About this exercise
Please transcribe exactly the lines from the line holding "Vintage Womens Caftan" through the end of the data below, and skip any pictures.

Provided material
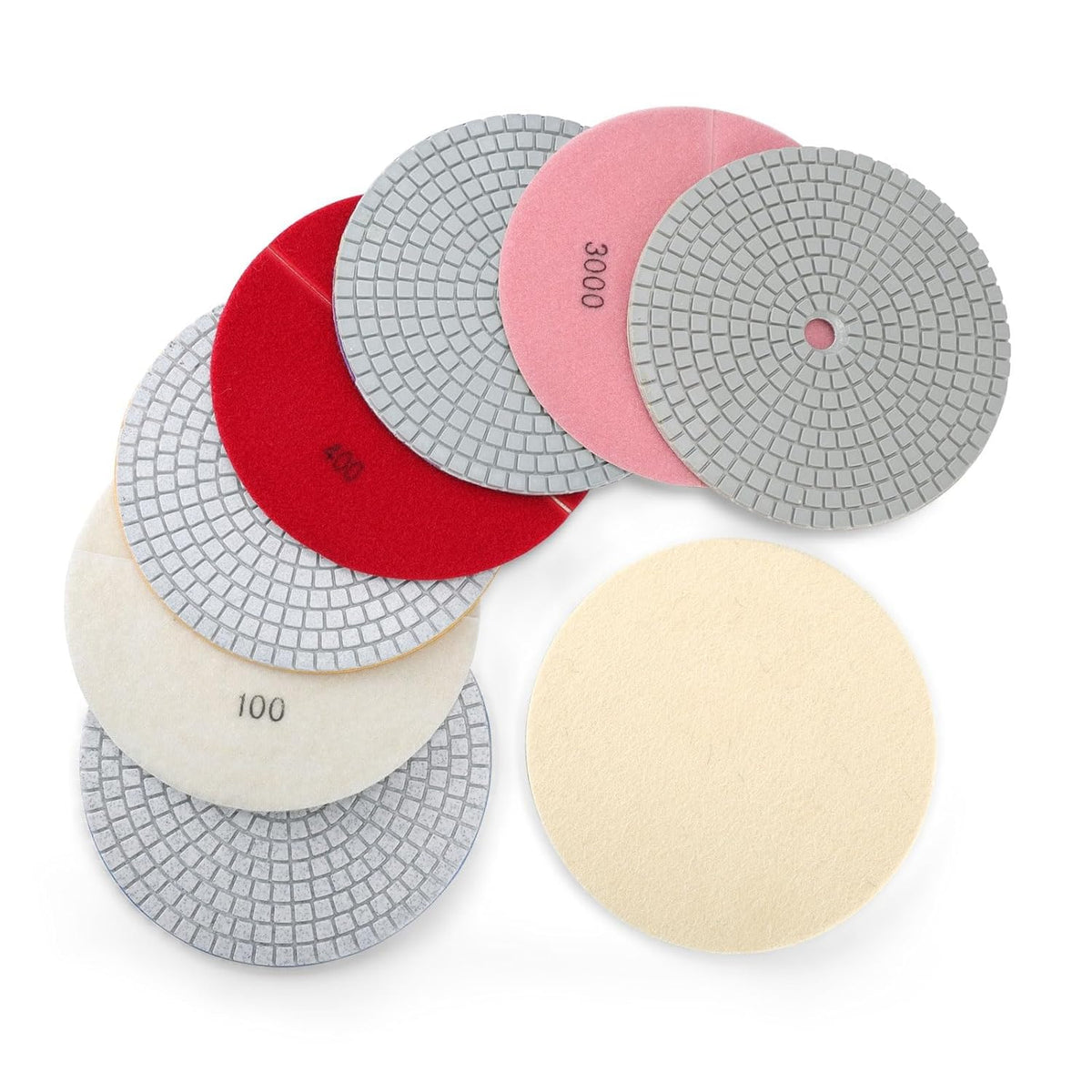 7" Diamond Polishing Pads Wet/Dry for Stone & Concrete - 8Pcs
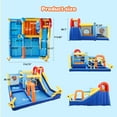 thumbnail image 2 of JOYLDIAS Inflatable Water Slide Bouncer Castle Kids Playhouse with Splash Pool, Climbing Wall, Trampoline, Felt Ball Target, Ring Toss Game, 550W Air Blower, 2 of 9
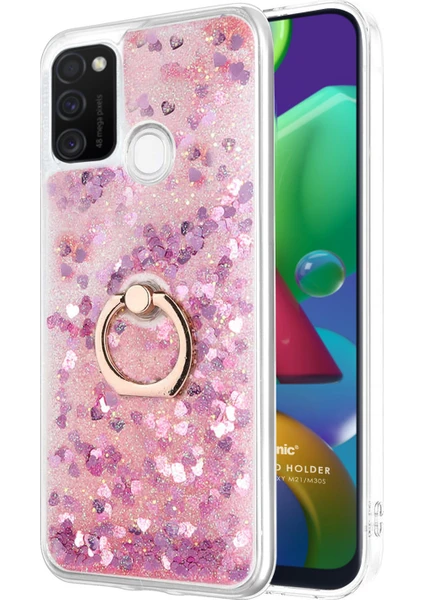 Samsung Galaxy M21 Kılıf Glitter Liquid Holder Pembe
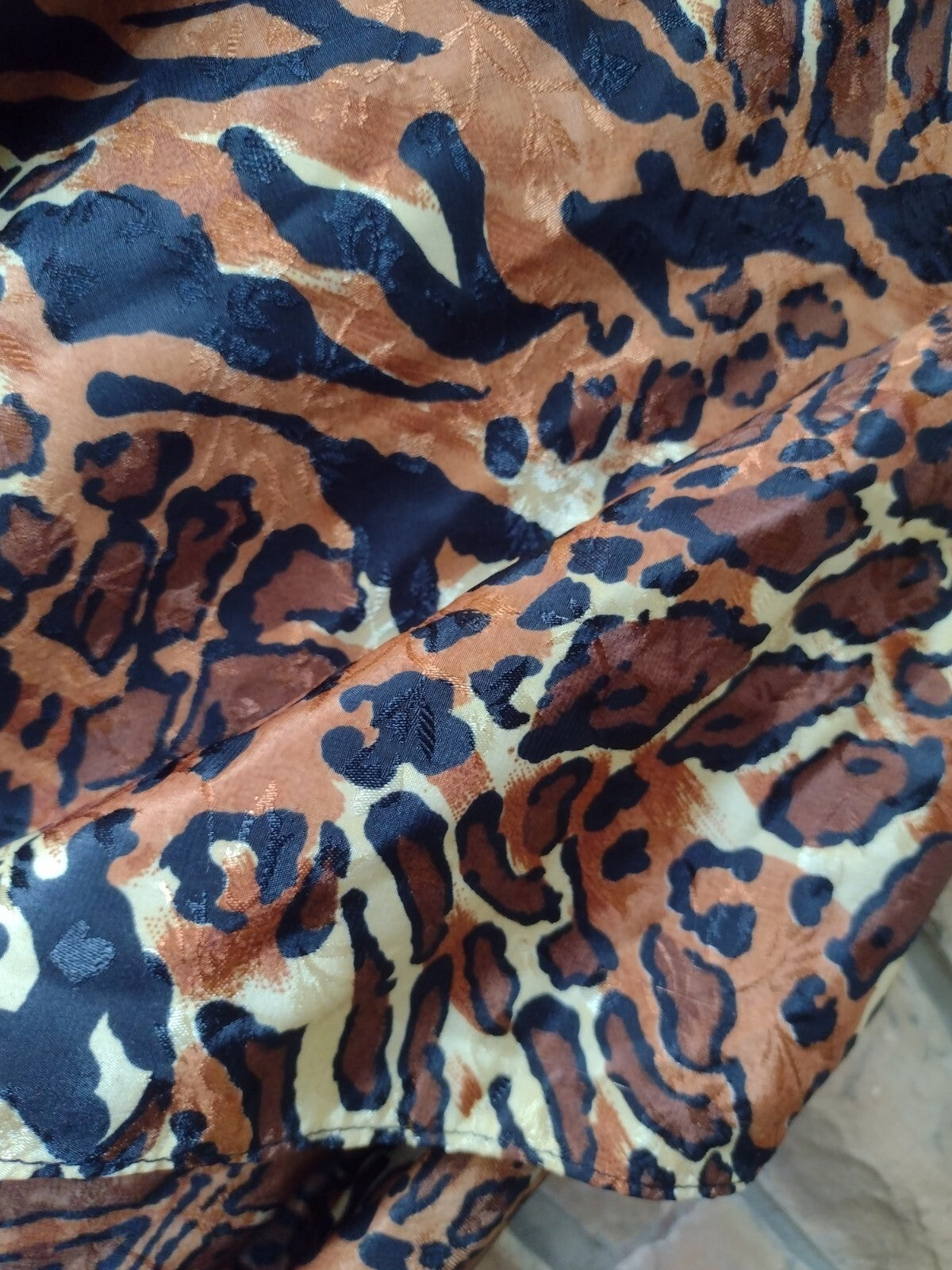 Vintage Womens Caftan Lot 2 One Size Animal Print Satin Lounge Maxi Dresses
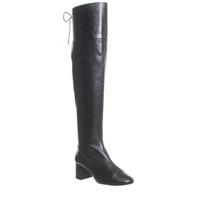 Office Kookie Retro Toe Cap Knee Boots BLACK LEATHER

Exercise response
 Vintage Womens Caftan Lot 2 One Size Animal Print Satin Lounge Maxi Dresses
 Office Kookie Retro Toe Cap Knee Boots BLACK LEATHER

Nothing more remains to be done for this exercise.